Checking storage strategy and compression metadata
pg_column_compression is convenient for looking at stored values, but you can also inspect a column’s storage policy and compression setting directly in the catalog:
SELECT
attrelid,
attname,
attstorage,
attcompression
FROM
pg_attribute
WHERE
attrelid IN ( 't2' :: regclass, 't3' :: regclass )
AND attname = 'c1';
Output:
attrelid attname attstorage attcompression
40967 c1 x p
40972 c1 x l
In this case, neither table explicitly changed the storage strategy at creation time, so both columns use the default x, which means extended: the value may be compressed and may also be moved to the TOAST table.
The compression codes are:
p: PGLZl: LZ4
The storage strategy codes are:
- p : plain
- x : extended
- e : external
- m : main
One important limitation is that these options only apply to variable-length data types.
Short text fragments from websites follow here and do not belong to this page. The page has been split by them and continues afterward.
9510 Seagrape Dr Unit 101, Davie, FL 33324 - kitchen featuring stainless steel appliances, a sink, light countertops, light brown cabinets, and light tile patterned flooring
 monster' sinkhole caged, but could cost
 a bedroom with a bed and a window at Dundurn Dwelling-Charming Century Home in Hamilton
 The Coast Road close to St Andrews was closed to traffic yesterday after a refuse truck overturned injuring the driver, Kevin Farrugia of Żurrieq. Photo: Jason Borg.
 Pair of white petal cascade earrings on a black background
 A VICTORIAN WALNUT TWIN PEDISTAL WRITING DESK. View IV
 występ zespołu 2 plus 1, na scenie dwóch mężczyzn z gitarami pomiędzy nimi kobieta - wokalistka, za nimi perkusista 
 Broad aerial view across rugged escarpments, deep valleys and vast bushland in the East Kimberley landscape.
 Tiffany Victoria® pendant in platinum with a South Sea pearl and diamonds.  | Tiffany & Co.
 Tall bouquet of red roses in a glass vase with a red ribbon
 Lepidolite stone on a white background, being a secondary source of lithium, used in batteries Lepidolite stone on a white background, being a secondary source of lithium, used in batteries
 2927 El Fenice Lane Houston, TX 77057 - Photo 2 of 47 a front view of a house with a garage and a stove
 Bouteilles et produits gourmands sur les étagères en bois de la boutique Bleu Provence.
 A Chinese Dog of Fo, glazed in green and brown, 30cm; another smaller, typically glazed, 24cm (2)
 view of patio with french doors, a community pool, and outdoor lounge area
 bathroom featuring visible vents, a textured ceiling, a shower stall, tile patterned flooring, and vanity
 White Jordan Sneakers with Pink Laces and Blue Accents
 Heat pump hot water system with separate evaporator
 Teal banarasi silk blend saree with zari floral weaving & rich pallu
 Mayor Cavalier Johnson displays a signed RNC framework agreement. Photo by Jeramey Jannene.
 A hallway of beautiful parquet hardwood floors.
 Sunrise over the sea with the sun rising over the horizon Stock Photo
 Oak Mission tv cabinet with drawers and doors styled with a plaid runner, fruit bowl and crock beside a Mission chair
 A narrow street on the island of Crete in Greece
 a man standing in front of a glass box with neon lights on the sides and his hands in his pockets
Fixed-size base types such as int do not support being moved out of line in this way.
Changing an existing column to LZ4
If a table already exists, you can switch the column’s compression setting like this:
ALTER TABLE t4 ALTER COLUMN c1 SET COMPRESSION lz4;
That change only affects rows written after the setting is changed. Existing rows keep their previous compression behavior, which can be verified with pg_column_compression.
For workloads with compressible text data, PostgreSQL 14’s LZ4 support is worth serious attention. In the test shown here, it improves write speed substantially and also reduces storage size, though the exact gain still depends on the shape of the data itself.